Business couldn’t get much better for Cage Warriors 95’s Mike Ekundayo. The Team Titan bantamweight is only a few days away from a high-stakes matchup in London, England. Only it isn’t the first major opportunity earned in the city he calls home. It isn’t even the first of this summer.
Business Like Approach
Just as the summer months began, Ekundayo competed at the landmark event, Bellator 200. There he defeated Tom Mearns by 2nd round TKO. It was the fighter’s first appearance via mass live stream. While the moment was big, it failed to carry any emotion dissimilar to previous performances. So much so, the only trace of feeling it left was that of monotony, a few minor details aside.
“I’ve spoken to a few of my training partners and they’ve asked me the question, ‘Would you be able to cope under even bigger lights than Rise of Champions [A regional promotion based out of South England and run by Team Titan coaches Mickey Papas and Brad Pickett]?’ I always said, ‘Ah, yeah’, Ekundayo told MMASucka. “I still have to perform the same if one person is watching or if one million people are. That’s always been my answer, but the proof is in the pudding. It’s easy to say these things, but to do it is another thing.”
“Fighting on Bellator, it did feel the same. It felt exactly the same. I knew it was Bellator, and I knew it was Bellator 200. I also knew who would potentially be in the crowd and etc.”

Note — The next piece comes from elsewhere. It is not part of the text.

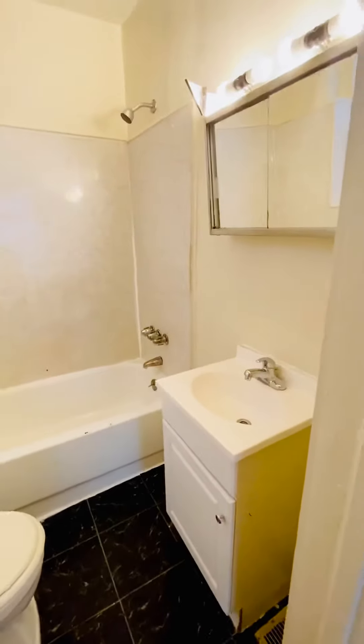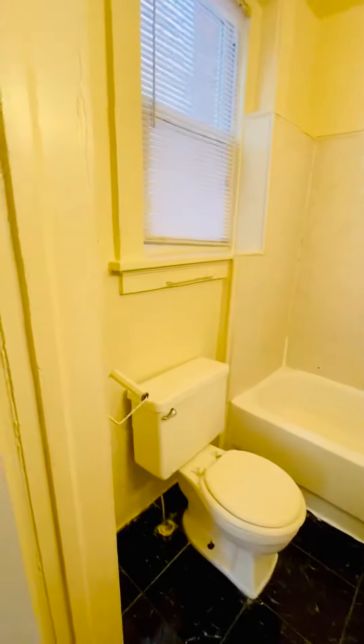Going into the bathroom. We have new ceramic tile around the tub.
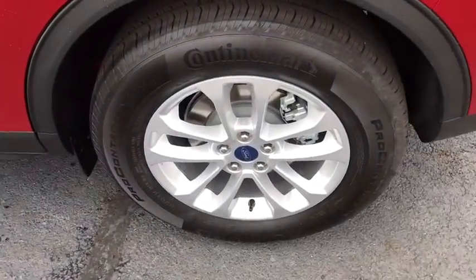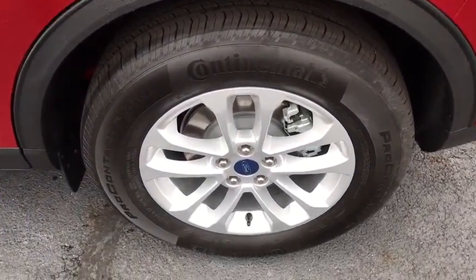Take this vehicle for a spin and see why so many shoppers are now proud owners.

His cerebral approach to fighting and preparation among other factors has elevated him from the regional scene to Bellator 200 and now a contract with the highly respected European promotion, Cage Warriors.
The situation behind this ruckus of a year takes more than a moment to understand. Ekundayo spoke about the circumstances of his Bellator matchup previously with MMASucka. Originally, the London resident received the Bellator bout agreement after a teammate withdrew with an injury. At this point, Ekundayo already earned the Rise of Champions bantamweight title and booked his fight with top European bantamweight Ed Arthur for Cage Warriors 95.
“I just saw it as one at a time. I had two fights booked and I just saw it as take it one at a time,” Ekundayo said. “When I had the Tom Mearns fight, Ed Arthur didn’t exist, Cage Warriors didn’t exist. It wasn’t in my sights at all. I just saw it as one opponent, I’ve got Tom Mearns. Then what will be, will be.
“I knew what the next step will be after that. So I just blocked it out, I didn’t let the pressure of having two fights let me crumble. I just saw it as I’ll deal with this one first, God willing I win, [then] deal with the next one.”
The Opponent: Ed Arthur
In Ekundayo’s mind, Arthur has an established name within the European region, yet, his name is developed more than his skills. The undefeated bantamweight admitted once Saturday comes to pass, his matchup against Tom Mearns will have proved more challenging.
“He’s a name. That’s pretty much it, he’s a name,” Ekundayo said. “I really believe that the last fight was a lot tougher than this one as well. It’s the same again with the promotions, it’s now the same with the opponent. Being in there with harder people, not to say that I’m taking him lightly. I don’t take anyone lightly but I’ve been in there with tougher characters. It’s nothing new. He’s not going to produce anything that I haven’t seen before.”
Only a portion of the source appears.